Also Friday, former President Jimmy Carter, said "a punitive military response without a U.N. Security Council mandate or broad support from NATO and the Arab League would be illegal under international law and unlikely to alter the course of the war."
Defense Secretary Chuck Hagel has repeatedly said the United States will respond to Syria in concert with allies.
"Our approach is to continue to find an international coalition that will act together," he told journalists Friday in Manila, Philippines.
Skeptics of military action have pointed at the decision to use force in Iraq, when the United States government under Bush marched to war based on a thin claim that dictator Saddam Hussein was harboring weapons of mass destruction.

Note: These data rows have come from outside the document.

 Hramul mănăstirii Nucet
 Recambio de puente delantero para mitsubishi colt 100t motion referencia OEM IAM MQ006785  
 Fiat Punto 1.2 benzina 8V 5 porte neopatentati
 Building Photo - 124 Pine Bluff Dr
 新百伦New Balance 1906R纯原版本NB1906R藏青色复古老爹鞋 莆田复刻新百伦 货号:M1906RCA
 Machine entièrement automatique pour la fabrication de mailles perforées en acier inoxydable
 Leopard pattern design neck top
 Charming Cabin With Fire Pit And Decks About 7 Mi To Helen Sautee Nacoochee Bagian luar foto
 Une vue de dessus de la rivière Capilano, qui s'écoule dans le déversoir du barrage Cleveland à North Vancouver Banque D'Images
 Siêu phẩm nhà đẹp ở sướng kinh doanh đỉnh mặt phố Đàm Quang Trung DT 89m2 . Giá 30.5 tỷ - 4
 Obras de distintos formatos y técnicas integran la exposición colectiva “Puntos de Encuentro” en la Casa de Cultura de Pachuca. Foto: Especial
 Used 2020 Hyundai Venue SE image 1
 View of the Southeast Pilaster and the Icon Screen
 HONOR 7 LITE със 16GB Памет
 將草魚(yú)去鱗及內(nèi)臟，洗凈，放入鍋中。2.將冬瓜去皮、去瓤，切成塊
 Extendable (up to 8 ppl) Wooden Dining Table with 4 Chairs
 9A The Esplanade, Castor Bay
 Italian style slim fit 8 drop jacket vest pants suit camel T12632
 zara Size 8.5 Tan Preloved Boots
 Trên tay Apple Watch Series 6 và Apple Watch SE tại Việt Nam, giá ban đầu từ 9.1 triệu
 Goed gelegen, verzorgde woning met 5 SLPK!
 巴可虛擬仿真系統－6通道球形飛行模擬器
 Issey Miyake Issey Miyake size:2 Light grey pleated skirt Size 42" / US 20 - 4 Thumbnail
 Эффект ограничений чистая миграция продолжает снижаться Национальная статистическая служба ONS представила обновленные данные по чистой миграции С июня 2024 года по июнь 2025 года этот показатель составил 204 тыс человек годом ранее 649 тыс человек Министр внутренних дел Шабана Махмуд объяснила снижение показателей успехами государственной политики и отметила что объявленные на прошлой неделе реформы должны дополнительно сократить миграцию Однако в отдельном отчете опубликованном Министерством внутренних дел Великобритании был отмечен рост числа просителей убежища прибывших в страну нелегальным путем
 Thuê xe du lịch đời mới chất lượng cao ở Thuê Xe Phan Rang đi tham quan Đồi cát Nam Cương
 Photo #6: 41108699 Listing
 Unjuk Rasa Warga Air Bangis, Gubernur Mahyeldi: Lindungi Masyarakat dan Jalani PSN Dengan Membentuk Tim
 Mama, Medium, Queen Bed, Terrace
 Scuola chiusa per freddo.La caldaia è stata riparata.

Opponents are conjuring up a possible repeat of that scenario in Syria, though the intelligence being gathered on the use of WMDs in Syria may be more sound.
An NBC News poll conducted Wednesday and Thursday indicated that 50% of the public says the United States should not take military action against Damascus in response to the Syrian government's alleged use of chemical weapons against its own citizens, with 42% saying military action would be appropriate.
But the survey suggested that if military action would be confined to air strikes using cruise missiles, support rises.
More than 160 legislators, including 63 of Obama's fellow Democrats, signed letters calling for either a vote or at least a "full debate" before any U.S. action.